You can take a closer look at what's inside the GRU layer implementation torch.nn.GRU by peaking through the weights and biases.

>>> gru = nn.GRU(input_size=96, hidden_size=96, num_layers=1)

First the parameters of the GRU layer:

>>> gru._all_weights
[['weight_ih_l0', 'weight_hh_l0', 'bias_ih_l0', 'bias_hh_l0']]

You can look at gru.state_dict() to get the dictionary of weights of the layer.

We have two weights and two biases, _ih stands for 'input-hidden' and _hh stands for 'hidden-hidden'.

For more efficient computation the parameters have been concatenated together, as the documentation page clearly explains (| means concatenation). In this particular example num_layers=1 and k=0:

• ~GRU.weight_ih_l[k] – the learnable input-hidden weights of the layer (W_ir | W_iz | W_in), of shape (3*hidden_size, input_size).

• ~GRU.weight_hh_l[k] – the learnable hidden-hidden weights of the layer (W_hr | W_hz | W_hn), of shape (3*hidden_size, hidden_size).

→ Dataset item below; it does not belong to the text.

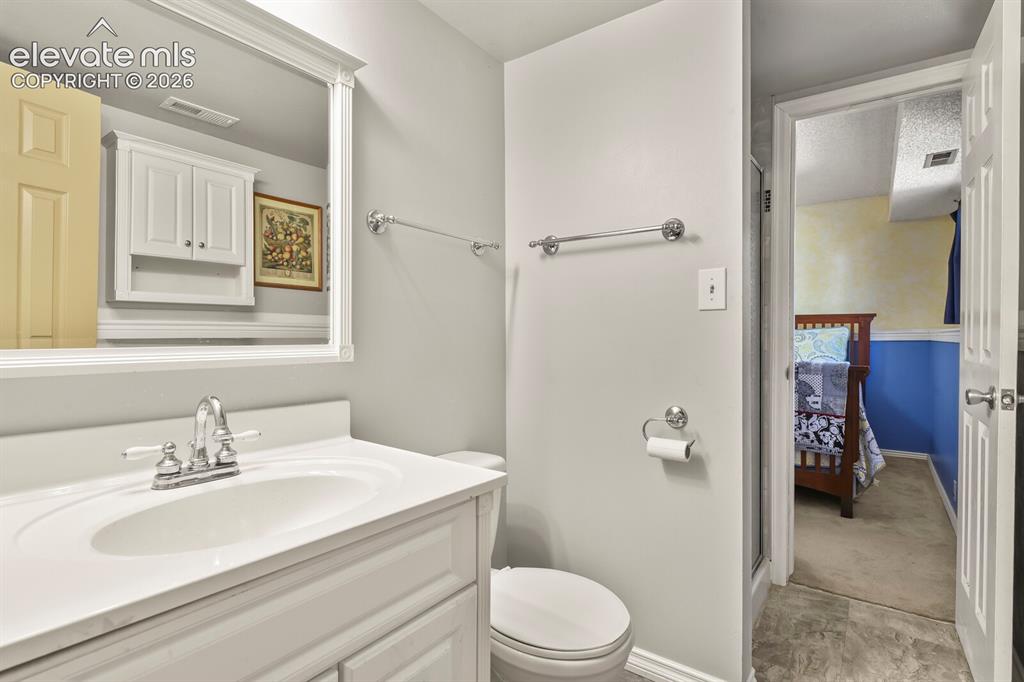 5322 Pinon Valley Road Colorado Springs CO 80919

• ~GRU.bias_ih_l[k] – the learnable input-hidden bias of the layer (b_ir | b_iz | b_in), of shape (3*hidden_size).

• ~GRU.bias_hh_l[k] – the learnable hidden-hidden bias of the (b_hr | b_hz | b_hn).

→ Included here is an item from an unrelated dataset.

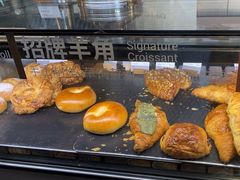 -BAKER&SPICE(BFC外滩金融中心店)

For further inspection we can get those split up with the following code:

>>> W_ih, W_hh, b_ih, b_hh = gru._flat_weights
>>> W_ir, W_iz, W_in = W_ih.split(H_in)
>>> W_hr, W_hz, W_hn = W_hh.split(H_in)
>>> b_ir, b_iz, b_in = b_ih.split(H_in)
>>> b_hr, b_hz, b_hn = b_hh.split(H_in)

Now we have the 12 tensor parameters sorted out.

---

- Expressions

The four expressions for a GRU layer: r_t, z_t, n_t, and h_t, are computed at each timestep.

The first operation is r_t = σ(W_ir@x_t + b_ir + W_hr@h + b_hr). I used the @ sign to designate the matrix multiplication operator (__matmul__). Remember W_ir is shaped (H_in=input_size, hidden_size) while x_t contains the element at step t from the x sequence. Tensor x_t = x[t] is shaped as (N=batch_size, H_in=input_size). At this point, it's simply a matrix multiplication between the input x[t] and the weight matrix. The resulting tensor r is shaped (N, hidden_size=H_in):

>>> (x[t]@W_ir.T).shape
(8, 96)

The same is true for all other weight multiplication operations performed. As a result, you end up with an output tensor shaped (N, H_out=hidden_size).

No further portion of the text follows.